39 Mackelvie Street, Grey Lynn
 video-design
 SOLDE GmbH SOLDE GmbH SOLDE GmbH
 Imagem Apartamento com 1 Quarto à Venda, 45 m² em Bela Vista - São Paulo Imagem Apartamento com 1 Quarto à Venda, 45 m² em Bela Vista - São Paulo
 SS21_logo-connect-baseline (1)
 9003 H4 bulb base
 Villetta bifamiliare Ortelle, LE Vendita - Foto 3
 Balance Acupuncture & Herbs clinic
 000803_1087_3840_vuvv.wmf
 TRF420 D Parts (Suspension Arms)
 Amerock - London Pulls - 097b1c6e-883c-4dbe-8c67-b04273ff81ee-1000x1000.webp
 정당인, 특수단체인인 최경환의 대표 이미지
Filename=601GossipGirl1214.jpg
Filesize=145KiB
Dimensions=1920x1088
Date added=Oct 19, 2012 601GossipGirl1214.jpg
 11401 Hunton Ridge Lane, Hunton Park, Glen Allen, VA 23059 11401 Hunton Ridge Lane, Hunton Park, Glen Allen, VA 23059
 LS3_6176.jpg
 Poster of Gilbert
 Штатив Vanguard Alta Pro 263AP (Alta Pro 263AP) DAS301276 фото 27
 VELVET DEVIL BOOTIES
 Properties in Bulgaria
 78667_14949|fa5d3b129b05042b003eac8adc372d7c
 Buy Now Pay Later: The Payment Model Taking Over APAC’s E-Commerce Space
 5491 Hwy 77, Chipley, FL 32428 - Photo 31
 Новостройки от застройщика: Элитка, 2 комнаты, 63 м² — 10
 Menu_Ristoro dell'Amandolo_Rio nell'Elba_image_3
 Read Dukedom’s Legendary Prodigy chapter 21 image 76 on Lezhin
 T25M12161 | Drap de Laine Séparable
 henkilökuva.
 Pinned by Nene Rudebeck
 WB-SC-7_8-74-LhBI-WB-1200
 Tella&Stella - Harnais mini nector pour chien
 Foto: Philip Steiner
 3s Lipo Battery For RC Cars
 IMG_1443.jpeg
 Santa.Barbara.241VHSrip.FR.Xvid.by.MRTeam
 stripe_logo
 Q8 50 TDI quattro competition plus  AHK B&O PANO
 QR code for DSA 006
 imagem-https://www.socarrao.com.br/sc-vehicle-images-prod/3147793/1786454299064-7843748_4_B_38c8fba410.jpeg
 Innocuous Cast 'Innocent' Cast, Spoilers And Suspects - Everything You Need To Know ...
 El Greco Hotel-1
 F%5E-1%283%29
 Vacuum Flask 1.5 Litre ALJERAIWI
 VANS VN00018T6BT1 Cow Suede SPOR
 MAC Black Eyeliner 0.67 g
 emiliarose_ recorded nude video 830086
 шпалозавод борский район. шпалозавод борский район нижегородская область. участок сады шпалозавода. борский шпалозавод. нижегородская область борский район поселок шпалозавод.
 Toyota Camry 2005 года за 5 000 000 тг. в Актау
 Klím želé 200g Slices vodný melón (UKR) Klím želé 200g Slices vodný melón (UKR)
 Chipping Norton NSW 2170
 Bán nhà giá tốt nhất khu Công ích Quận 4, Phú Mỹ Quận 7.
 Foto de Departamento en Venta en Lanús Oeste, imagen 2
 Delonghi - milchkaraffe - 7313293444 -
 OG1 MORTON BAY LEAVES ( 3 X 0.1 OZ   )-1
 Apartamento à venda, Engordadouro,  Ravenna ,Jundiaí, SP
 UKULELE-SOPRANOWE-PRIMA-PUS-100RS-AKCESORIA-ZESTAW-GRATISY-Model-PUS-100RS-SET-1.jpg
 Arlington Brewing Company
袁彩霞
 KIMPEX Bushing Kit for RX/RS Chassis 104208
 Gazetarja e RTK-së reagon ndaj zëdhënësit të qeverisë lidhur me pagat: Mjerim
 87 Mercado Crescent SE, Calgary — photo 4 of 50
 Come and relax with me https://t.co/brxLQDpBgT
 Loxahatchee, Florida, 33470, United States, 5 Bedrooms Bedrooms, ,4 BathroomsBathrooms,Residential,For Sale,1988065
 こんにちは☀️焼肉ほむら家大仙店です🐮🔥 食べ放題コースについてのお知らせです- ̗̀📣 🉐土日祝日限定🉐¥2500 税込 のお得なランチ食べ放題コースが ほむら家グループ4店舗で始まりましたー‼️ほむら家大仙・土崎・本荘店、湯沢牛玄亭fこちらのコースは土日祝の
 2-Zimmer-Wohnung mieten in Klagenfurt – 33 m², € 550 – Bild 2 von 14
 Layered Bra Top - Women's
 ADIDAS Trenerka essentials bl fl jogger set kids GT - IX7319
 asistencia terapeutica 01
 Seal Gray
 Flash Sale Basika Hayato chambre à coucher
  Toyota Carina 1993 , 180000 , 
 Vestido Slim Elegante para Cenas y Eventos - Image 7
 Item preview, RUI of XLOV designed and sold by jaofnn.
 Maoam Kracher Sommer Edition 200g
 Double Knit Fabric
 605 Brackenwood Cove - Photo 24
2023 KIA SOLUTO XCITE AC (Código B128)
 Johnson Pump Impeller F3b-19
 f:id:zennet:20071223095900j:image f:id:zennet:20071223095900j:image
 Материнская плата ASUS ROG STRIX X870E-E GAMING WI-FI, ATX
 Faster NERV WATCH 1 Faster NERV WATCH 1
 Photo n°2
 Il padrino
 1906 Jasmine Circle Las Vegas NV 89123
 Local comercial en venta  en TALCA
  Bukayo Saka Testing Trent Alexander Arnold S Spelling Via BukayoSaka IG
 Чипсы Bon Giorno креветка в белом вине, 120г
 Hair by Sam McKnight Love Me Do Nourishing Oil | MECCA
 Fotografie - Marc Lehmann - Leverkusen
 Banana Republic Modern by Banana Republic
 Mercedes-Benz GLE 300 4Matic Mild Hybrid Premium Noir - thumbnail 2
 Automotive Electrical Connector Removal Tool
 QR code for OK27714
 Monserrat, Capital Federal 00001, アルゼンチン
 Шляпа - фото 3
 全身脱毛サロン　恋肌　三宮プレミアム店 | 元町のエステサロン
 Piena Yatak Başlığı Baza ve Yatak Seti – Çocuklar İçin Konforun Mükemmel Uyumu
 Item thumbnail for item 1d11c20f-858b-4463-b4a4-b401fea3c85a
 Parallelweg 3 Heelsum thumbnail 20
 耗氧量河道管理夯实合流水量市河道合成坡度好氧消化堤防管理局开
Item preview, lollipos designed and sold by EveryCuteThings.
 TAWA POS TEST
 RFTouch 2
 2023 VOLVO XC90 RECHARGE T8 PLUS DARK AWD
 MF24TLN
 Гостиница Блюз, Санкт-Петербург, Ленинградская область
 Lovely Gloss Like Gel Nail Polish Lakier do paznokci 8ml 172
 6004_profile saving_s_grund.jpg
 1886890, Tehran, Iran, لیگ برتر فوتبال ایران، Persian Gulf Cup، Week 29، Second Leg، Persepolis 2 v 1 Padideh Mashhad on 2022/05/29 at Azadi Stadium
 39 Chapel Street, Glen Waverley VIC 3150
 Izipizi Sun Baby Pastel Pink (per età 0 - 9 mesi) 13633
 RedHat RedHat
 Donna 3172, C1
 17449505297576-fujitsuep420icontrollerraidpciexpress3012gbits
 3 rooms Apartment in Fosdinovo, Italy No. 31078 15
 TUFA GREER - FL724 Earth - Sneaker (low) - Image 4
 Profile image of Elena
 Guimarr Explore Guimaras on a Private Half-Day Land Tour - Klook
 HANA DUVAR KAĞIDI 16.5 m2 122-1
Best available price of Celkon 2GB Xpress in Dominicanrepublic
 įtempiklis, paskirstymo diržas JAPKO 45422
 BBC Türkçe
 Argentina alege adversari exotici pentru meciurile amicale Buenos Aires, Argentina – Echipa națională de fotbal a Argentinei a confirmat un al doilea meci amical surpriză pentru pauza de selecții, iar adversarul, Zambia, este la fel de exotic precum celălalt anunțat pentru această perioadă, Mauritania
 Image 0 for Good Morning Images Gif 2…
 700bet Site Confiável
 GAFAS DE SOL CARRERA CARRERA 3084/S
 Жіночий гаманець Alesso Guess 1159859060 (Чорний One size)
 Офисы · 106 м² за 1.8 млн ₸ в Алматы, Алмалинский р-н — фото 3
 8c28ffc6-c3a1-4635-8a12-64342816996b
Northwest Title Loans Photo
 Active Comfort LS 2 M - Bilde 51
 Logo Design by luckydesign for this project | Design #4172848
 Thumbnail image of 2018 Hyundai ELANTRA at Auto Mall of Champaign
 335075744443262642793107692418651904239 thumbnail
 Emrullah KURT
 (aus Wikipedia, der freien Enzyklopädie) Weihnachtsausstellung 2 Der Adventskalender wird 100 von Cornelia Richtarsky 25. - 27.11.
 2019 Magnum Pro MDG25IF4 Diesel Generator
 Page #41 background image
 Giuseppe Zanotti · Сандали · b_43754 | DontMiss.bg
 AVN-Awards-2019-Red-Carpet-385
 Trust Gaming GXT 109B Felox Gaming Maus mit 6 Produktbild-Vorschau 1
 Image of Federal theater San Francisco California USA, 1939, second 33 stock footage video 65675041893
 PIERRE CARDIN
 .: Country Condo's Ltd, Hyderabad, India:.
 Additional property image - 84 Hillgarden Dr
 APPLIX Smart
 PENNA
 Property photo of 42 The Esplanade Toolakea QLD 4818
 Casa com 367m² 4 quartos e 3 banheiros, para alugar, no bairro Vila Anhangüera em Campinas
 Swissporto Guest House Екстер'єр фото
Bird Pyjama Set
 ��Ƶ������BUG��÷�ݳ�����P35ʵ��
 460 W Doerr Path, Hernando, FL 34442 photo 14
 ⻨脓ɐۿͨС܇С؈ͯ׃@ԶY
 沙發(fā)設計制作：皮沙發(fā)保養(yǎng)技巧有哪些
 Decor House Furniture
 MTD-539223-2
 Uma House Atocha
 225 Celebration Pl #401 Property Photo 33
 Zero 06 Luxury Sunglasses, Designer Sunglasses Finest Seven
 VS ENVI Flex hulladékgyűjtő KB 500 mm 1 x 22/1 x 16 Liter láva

+===+

» **WORK TO COMPLETE**:
Whenever the string "video" shows up in a line of the entries, copy that line.

» **FINAL ANSWER**:
 video-design
 emiliarose_ recorded nude video 830086
 Image of Federal theater San Francisco California USA, 1939, second 33 stock footage video 65675041893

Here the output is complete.